This year I promised myself I wouldn’t cry.
Each of the last nine anniversaries since the world was robbed of your beautiful spirit, I’ve mired myself down in grief, focusing on your loss instead of celebrating your incredibly full life.
I’d hoped my recent reading with Deb Webber would ensure I reflected with a smile on all the crazy, fun filled memories I had of my mate Shaggy, but I still cant help but feel the pull of pain when I focus on the hole in our world that has been left since you’ve been gone…
After the weekend gathering of your greatest mates, to mark this sad milestone, everything has been brought back up to the surface. My brain is brimming with recollections – the good, the bad, the funny, the sad… Throw in the fact “your song” came on as we drove to check in at the Gold Coast and I was wavering in my resolve. We hadn’t heard it in so long yet there it was, haunting us after flicking to a random radio station…
I know you know how much your death affected me. Sometimes it still takes my breath away with shock, even a decade on…

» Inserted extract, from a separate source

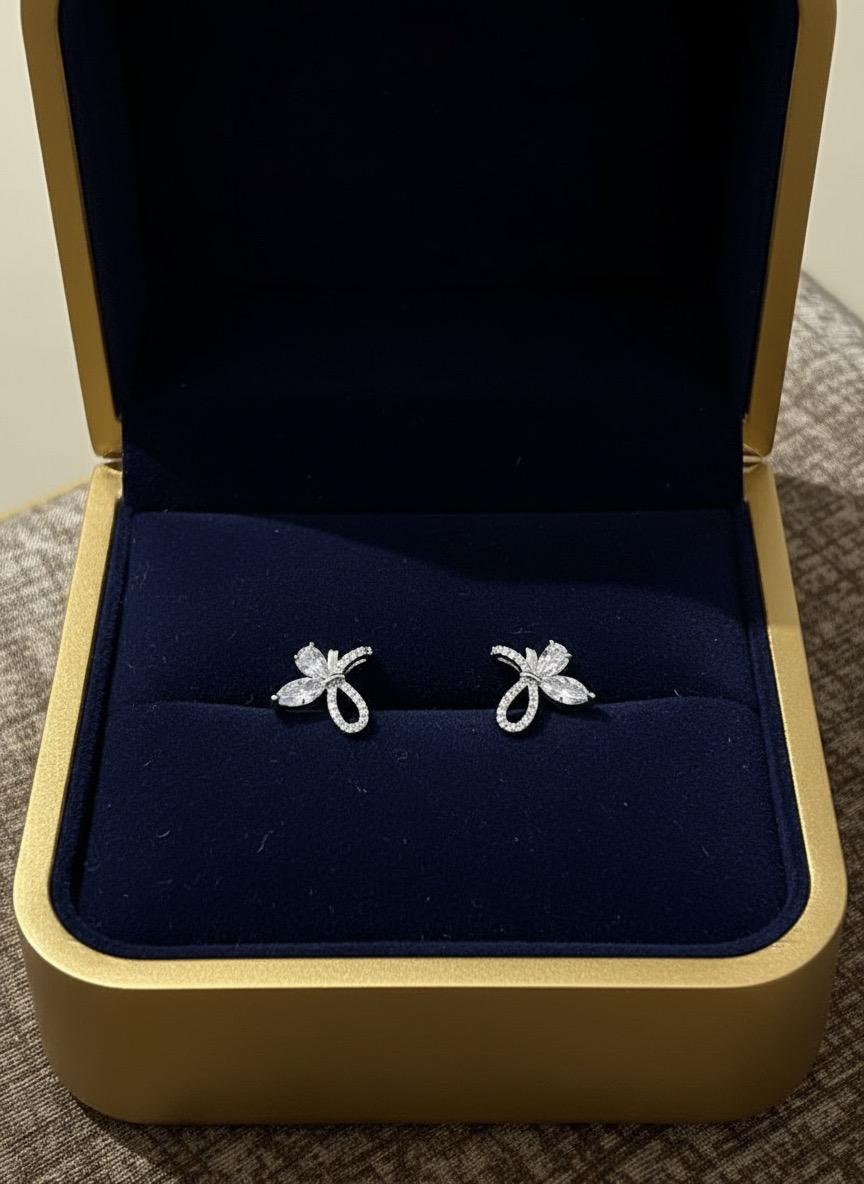 Stoned Butterfly Silver Stud Earrings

Perhaps a sixth sense made me bury my head in your chest, that April night, on the eve of my overseas backpacking adventure. I’d said so many goodbyes to so many people that week yet a force I cannot explain made me cling to you and cry when it became time to say farewell to you… The very last words you said to me, face to face, as I cried in your chest: “You’re beautiful” are still etched into my mind.
Then there was that unexplainable urge that led me to phone you just before your birthday, when I was near broke and 15,000 miles away – it would be the last time I would hear that cheeky laugh.
If I’d have had the slightest inkling of what lay in wait, I’d never had hung up the phone.
Anthony has been entangled in his own memories and today as well. He agrees it never stops being sad… Our little Harrison too sensed something amiss today. This morning he came and laid his head on my lap, encircling me with a cuddle, announcing out of the blue “I love you Mummy”. It reminded me how blessed I am that you had a helping hand in bringing them both into my world…
To honour you, we took a trip to our local beach this afternoon, and amongst the unseasonable wind and chill we stood and whispered our personal messages into the waves, throwing out a flower each in your memory.
The tears came then, as I suspected they might… Some people, even when gone from sight for 10 years, are so damn special that it can help but to still break your heart that you can no longer reach out and touch them, hear them, see them… The daggy dancing, the cheeky grin, the endless laughs, the days you were my rock when I needed a friend to understand when no one else could… What we’d all give to be able to see that mischievous glint in your eyes and that mop of unruly hair, propping up the bar, laying on bets, or burning up the beach.
We wrap the memory of you around us always.
(And next year I vow to try harder not to cry).
Forever your friend,
Donna

I am so sorry for your loss. He truly sounds like an amazing man and friend.
Tears are not a bad thing, they are just an outward expression of how much you miss him. I don’t think that there is any need to try not to cry. Take that day to cry, to dwell and to miss your friend as intensely as you want to . . . no guilt. Then start again the next day by focusing on the great happy memories to pull yourself out.
Jenn
Let it all out.
He sounds amazing Donna: a beautiful man.
Hugs to you.
xx
Oh D xo
This is a lovely reminder of your good friend. Don’t ever feel that you shouldn’t cry – take all the time you need & never feel guilty about remembering.